# Finally dressed my Kindle!



## MINImum (Oct 15, 2009)

It took forever but I finally decided on what to use to protect my Kindle. I decided on a skin from DecalGirl (Pink Tranquility) and a small K2 bag from BorsaBella (Black Beauty). I'm pleased with my decision. As much as I love some of the covers available, I decided I liked holding the Kindle without a cover.

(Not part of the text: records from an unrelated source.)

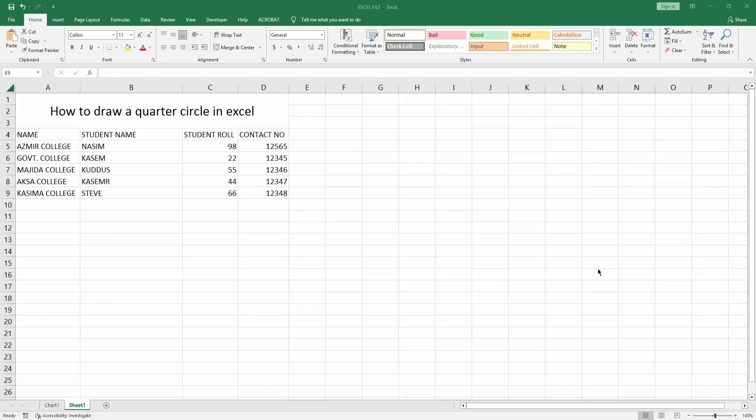Hello friends, welcome back to my channel. In this video, I'm going to show you how to draw a quarter circle in Microsoft Excel. Let's get started. First, you have to open your Excel workbook.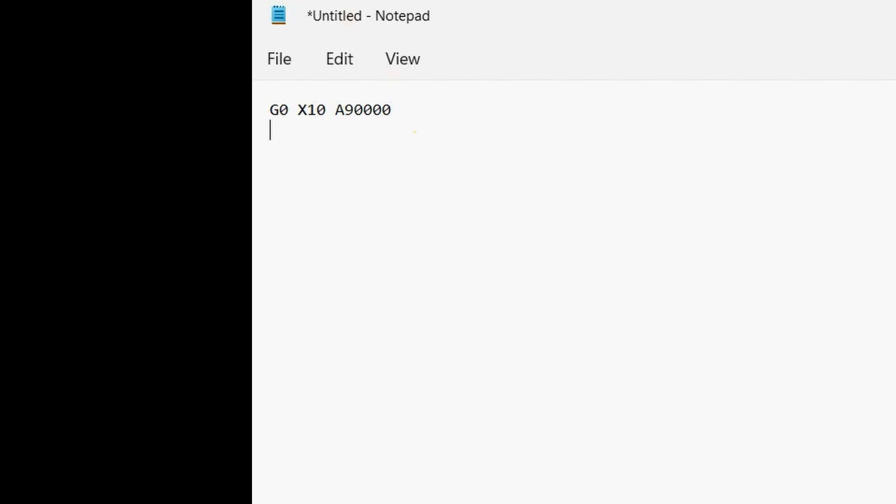I'd go to the MDI screen. I showed my example in Linux CNC, but I know other programs have the same MDI screen. We manually put things in.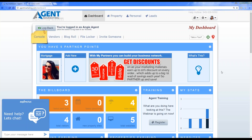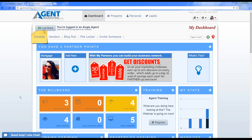Good morning everyone, welcome to our live agent training. My name is Erin and today we're going to be focusing on a feedback system available in our system. I'm going to show you how to set up the feedback system using our open house registration app, as well as setting up a basic feedback request for regular showings with your clients.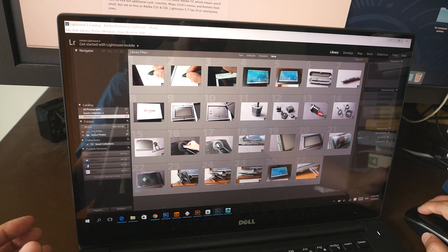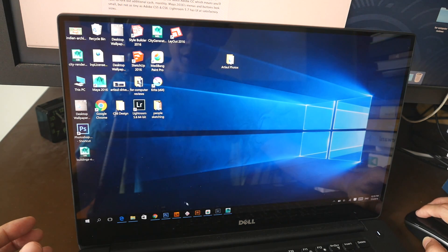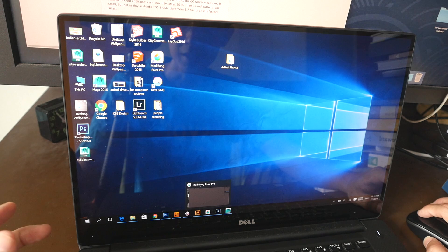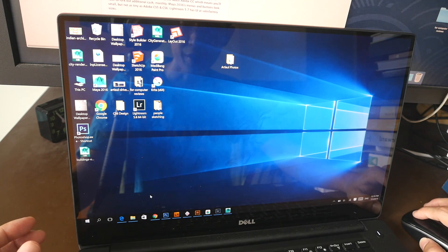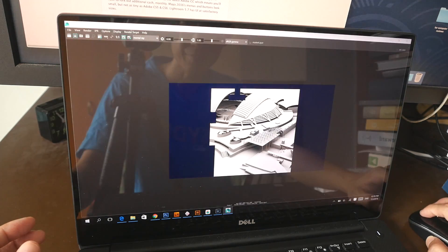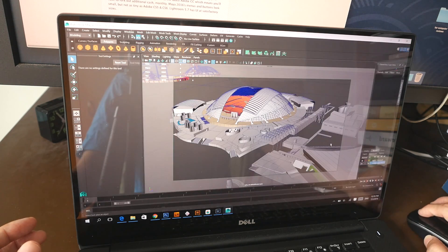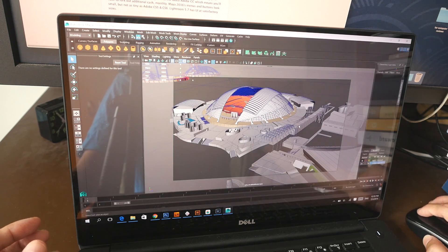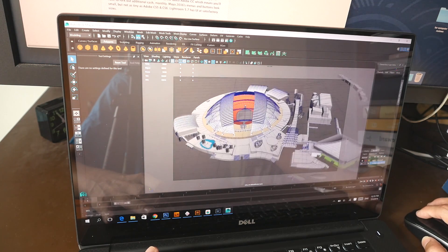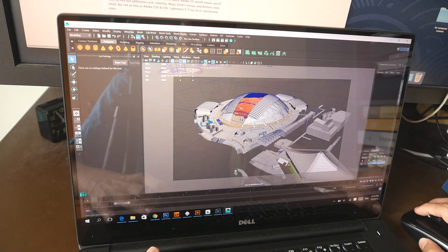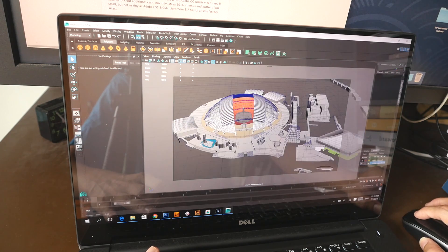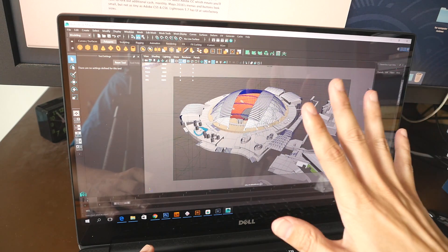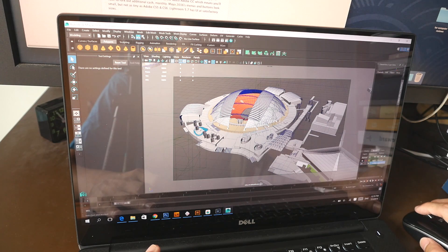The next thing I want to show you is Maya. So this laptop comes with an NVIDIA Quadro M1000M graphics card. And this is Maya. This is the file, this is the model that I tried to model. This is actually Singapore National Stadium. I modeled this for an infographic. There are no textures on this.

Here's Charlie (she's a girl, by the way):



















PS: Sorry the pics are so huge, I will try to fix that. And that's my iPhone with the K2 and the bag.


----------



## cagnes (Oct 13, 2009)

Gorgeous combo! I love both the bag & the skins!


----------



## egh34 (Jan 11, 2009)

Nice, love the pink, makes it look so girlie. I have Starry Night, and now it seems it is very masculine once I have seen yours. Hmmm...may have to change to somethinng more girlie.


----------



## intinst (Dec 23, 2008)

Nice Kombo!


----------



## knowldgfrk (May 14, 2009)

very pretty!.....Charlie is a lucky girl to have such a proud parent!


----------



## Carol Collett (Oct 4, 2009)

Very pretty!


----------



## MINImum (Oct 15, 2009)

Thanks all!  I still love it, I definitely made the right choice.


----------



## d.rose (Nov 4, 2009)

WOW such a goregous set.. I love that the IPhone is matching the Kindle.. I might do that too


----------



## Angela (Nov 2, 2008)

very pretty


----------



## JeanneB (Aug 31, 2009)

pretty pretty


----------